Imaginons la scène : ils se lèvent le matin, se regardent dans la glace et
se disent : " Je vais réformer la langue, fleurie par
Marie de France, stabilisée par les Valois, soulevée par
Rabelais, solennisée par Racine, déliée par Marivaux,
polie par Montesquieu, enluminée par Hugo, illuminée par
Rimbaud, stratosphérisée par Breton, électrocutée par
Céline, solarisée par Camus, évangélisée par Mauriac -
je vais la réinventer totalement, moi M. Jourdain de la
vigilance lexicale. " Quel culot ! "
(Le Figaro, 3 décembre 2021).
* Pierre-Aimé TOUCHARD (administrateur de
théâtre, écrivain, homme de télévision, 1903-1987) : "
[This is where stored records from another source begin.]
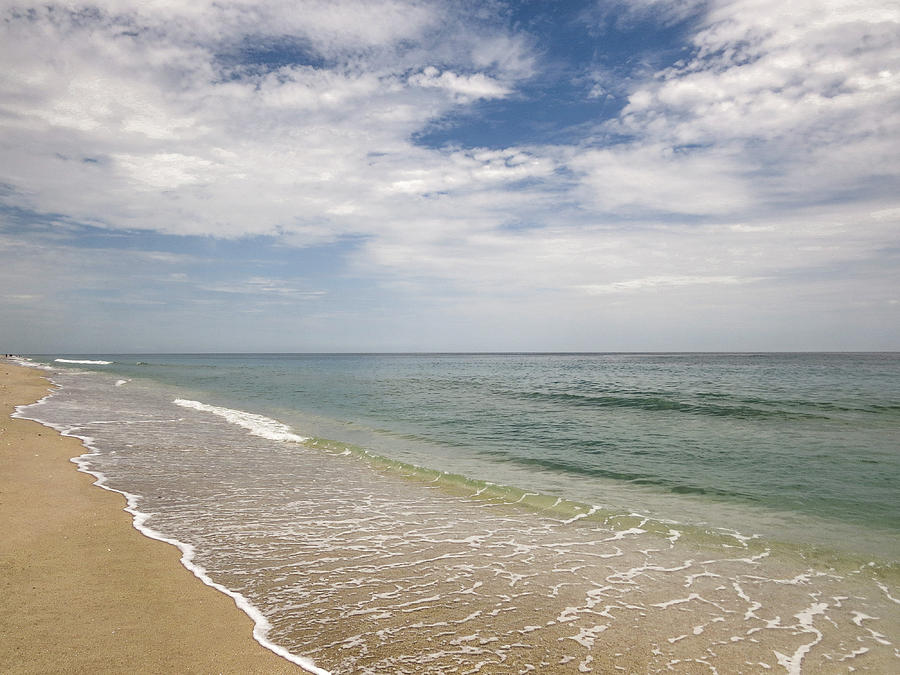 Atlantic Ocean Beach V Photograph by Zina Stromberg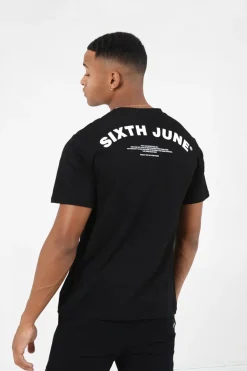 T-Shirt Logo Incurve Avant Arriere Noir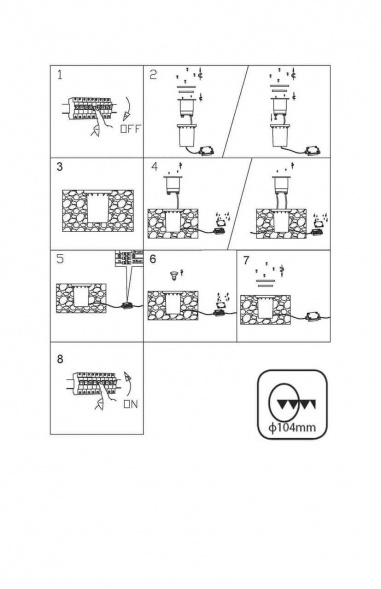 Ландшафтный светильник Lucide Biltin 11800/01/12
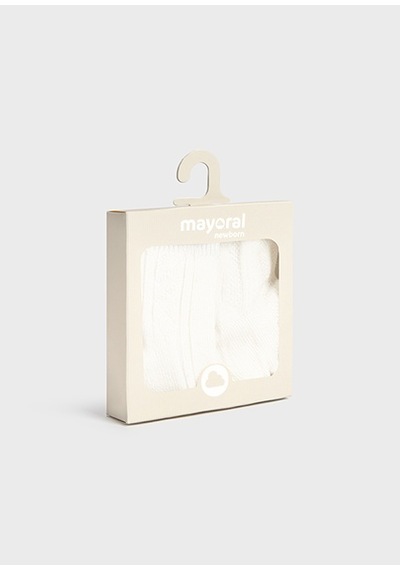Mayoral 2'li Bebek Çorap 9863 Krem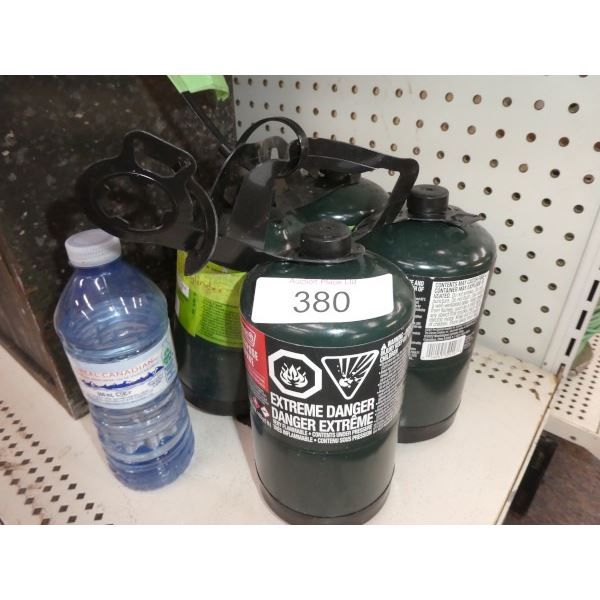 4 coleman mini propane tanks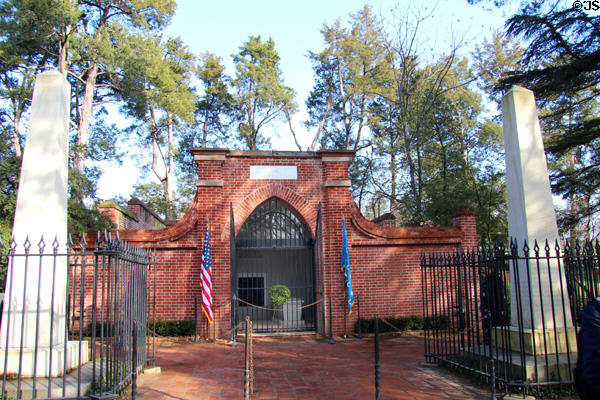 Tombs of George Washington & family (1832) at Mt Vernon which was neutral ground during Civil Was so both sides could visit. Washington, VA.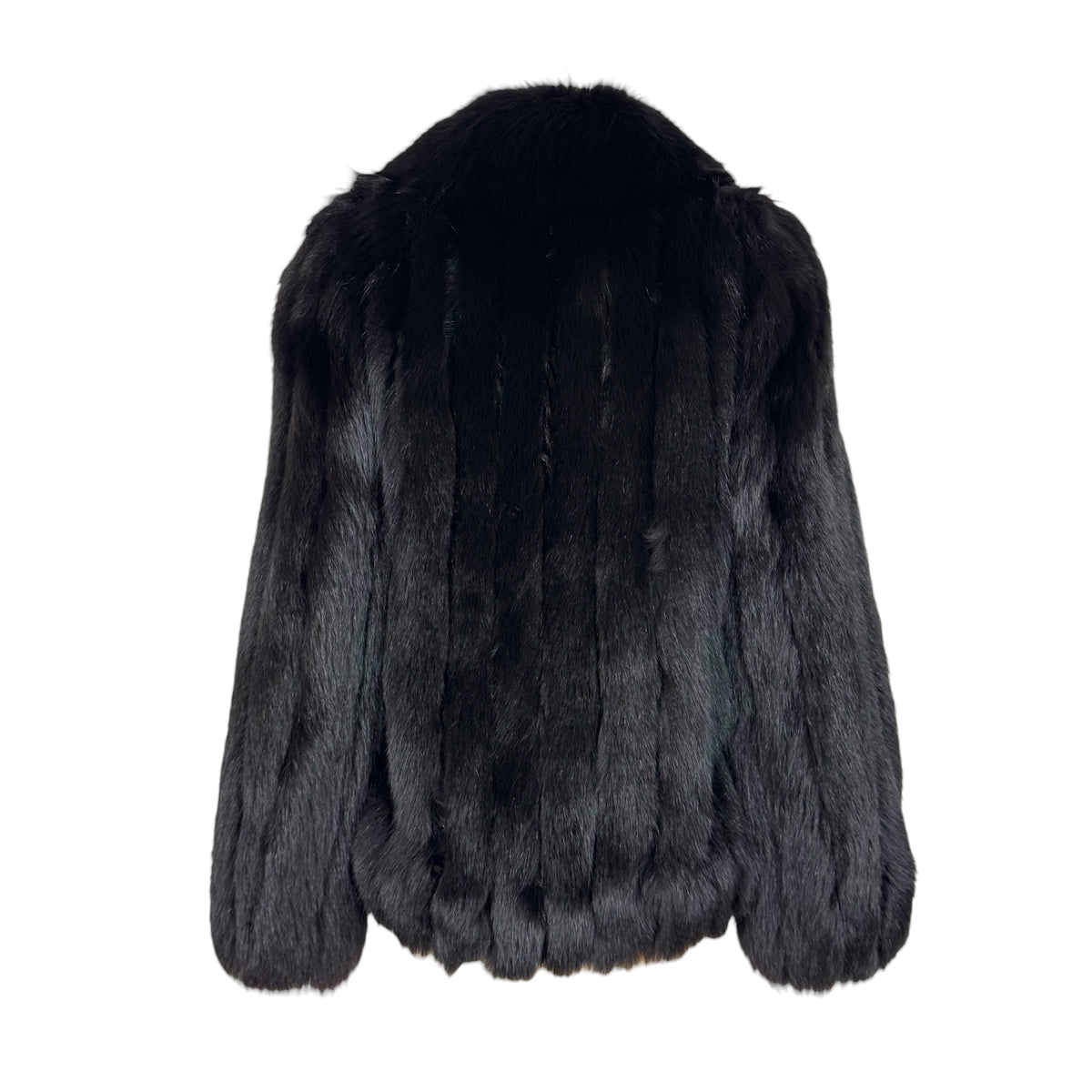 Jindo Black Fox Fur Cinched Wrist Coat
Ce Bardamu qui explique sa peur, qui ne s'en fait plus
un panache, qui est sans cesse en quête d'une beauté
plus grande, qui s'éduque lui-même, qui éduque le
malheureux Pistil, comme il est différent de celui que
nous connaissons
d'après
le Voyage. Sans doute, il a perdu de sa hideuse
grandeur. Sans doute, il n'est plus qu'un pauvre être,
mais nous sentons qu'on peut l'aimer, et quand la petite
Janine, au dernier acte, veut le forcer à accepter son
amour, et qu'il refuse, par peur d'aimer vraiment, lui
qui prétend n'aimer que par peur de mourir, sa misère
est si criante, si immense sa solitude, que l'on
découvre en soi un attachement insoupçonné, une pitié
soudain jaillissante qui voudrait pouvoir s'exprimer et
convaincre - et en même temps - et pour la première fois
aussi, une vraie colère, violente et rageuse contre cet
imbécile dont la lâcheté fait la misère.
Et dès lors on ne peut plus douter que le Bardamu du Voyage ne soit
qu'une attitude. Et l'on serait tenté d'en remercier
Céline. Mais lui-même, n'a-t-il pas voulu signifier
nettement qu'il se détachait de son héros, en le faisant
viser par Janine, en fin de pièce ?
Relisez les quelques lignes de préface qu'il a écrites pour l'Eglise
: " nous n'avons pas changé grand' chose en la donnant
hier à l'imprimeur... Tout de même... Cette petite
Janine qui se résignait alors, nous l'avons fait
revenir... avec un révolver... Trois lignes, tout à la
fin... Vous verrez... Elle va brutaliser notre
comédie... Pourquoi ? Est-ce là tout ce que nous avons
appris en dix ans ? Mais vous-même ? "
(Céline et Bardamu, Les critiques de notre temps et Céline, Garnier,
1976).
* Jean-Marie TURPIN
(petit fils de
Louis-Ferdinand Céline, écrivain, théologien,
philosophe) : " Lorsqu'il était en prison au Danemark,
ma mère m'a demandé de lui écrire,
j'avais alors une dizaine d'années. Nous avons eu une
correspondance suivie et très gentille pendant plusieurs
années. Dans mon adolescence, ma mère s'est débrouillée
pour que j'aie accès à tous ses écrits. J'ai tout lu.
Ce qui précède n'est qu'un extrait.